A spokesperson for the organisation told The Independent: "Yesterday, more than 10 scientists and activists of Scientist Rebellion were arrested in a very irregular procedure, some of them spending several hours in police custody. They were all charged with criminal damage and "attack to the state institutions" for their non-violent action in April, that consisted in throwing dyed water to the facade of Congress.
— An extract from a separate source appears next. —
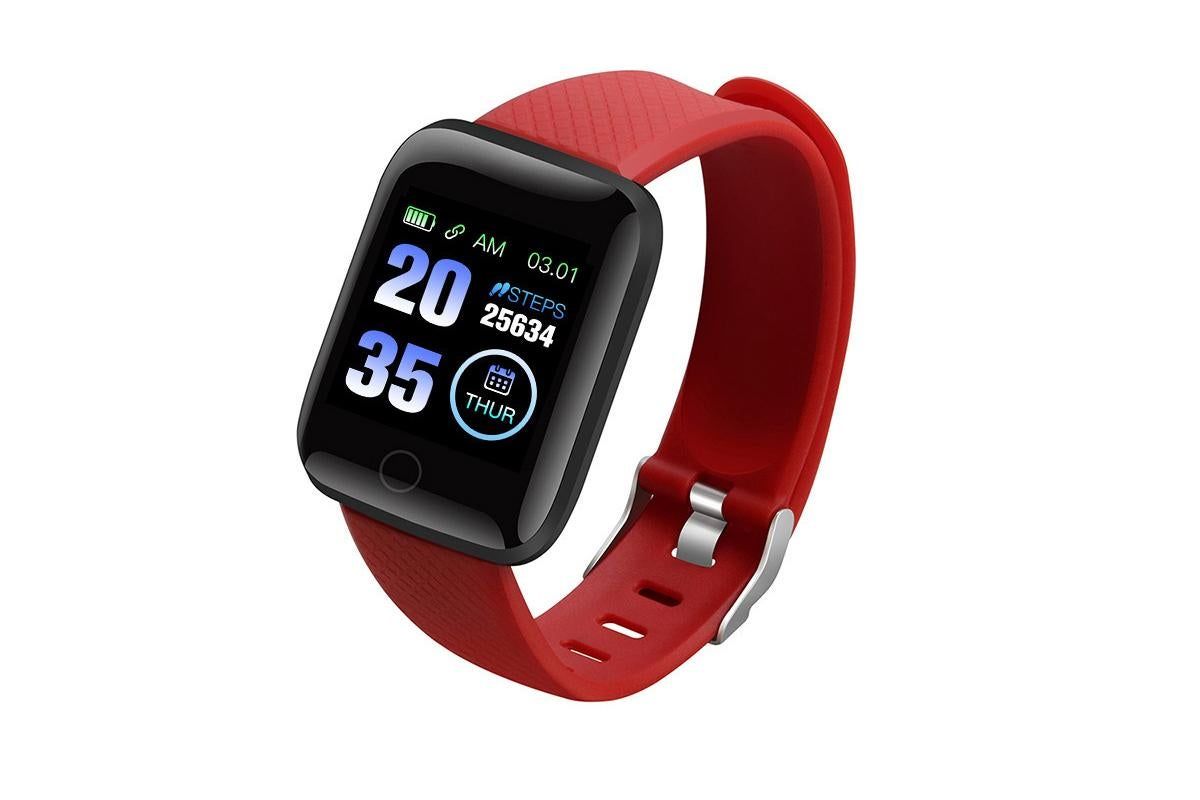 116plus Waterproof Smart Watch Sports Fitness Trackaer with Heart Rate Monitor for Men and Women-Black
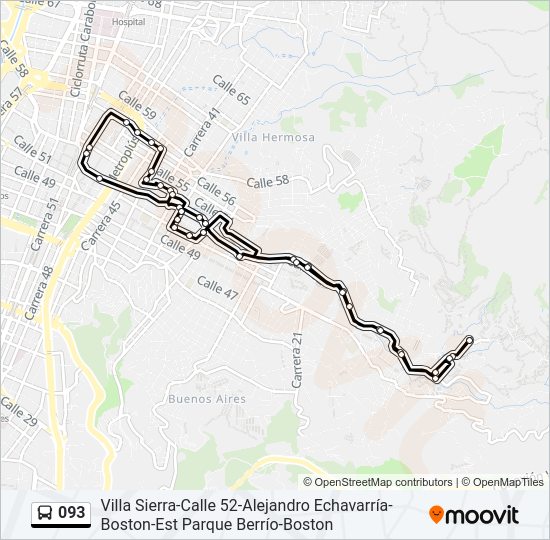 Mapa de 093 de autobús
The stains were removed in half an hour."

They added: "The second charge relates to the claim that the parliamentary session was interrupted due to the action, a fact that several Spanish politicians have already denied."

Scientist Rebellion said the police in Spain are using "authoritarian" tactics and "trying to intimidate our activists".

In a Twitter post, the group said: "Yesterday, Spanish police phoned up fellow scientists who participated in our global mobilisation in April, asking them to report to the police station this morning.

"As this was not a formal procedure, some of our activists decided not to go."

One of the arrested scientists, Mauricio Misquero, wrote on Twitter: "They have kept me in jail for seven hours, because according to them I am the organiser of the action on April 6 for carrying the megaphone and crying my eyes out."

He added: "This summer we are going to exceed 50 degrees."

Following the demonstrations back in April, Peter Kalmus, a climate scientist at Nasa’s Jet Propulsion lab who recently joined Scientist Rebellion and also got arrested during the April civil disobedience campaign, in which he chained himself to the doors of the JP Morgan Chase building, explained why scientists are taking action.

He said: "We need a billion climate activists. I encourage everyone to consider where we’re heading as a species, and to engage in civil disobedience and other actions.

The time is now. We’ve waited far too long. Mobilise, mobilise, and mobilise. Mobilise before we lose everything."

The police action comes as Spain faces a deadly heatwave, set to worsen this week with temperatures forecast to approach 50C.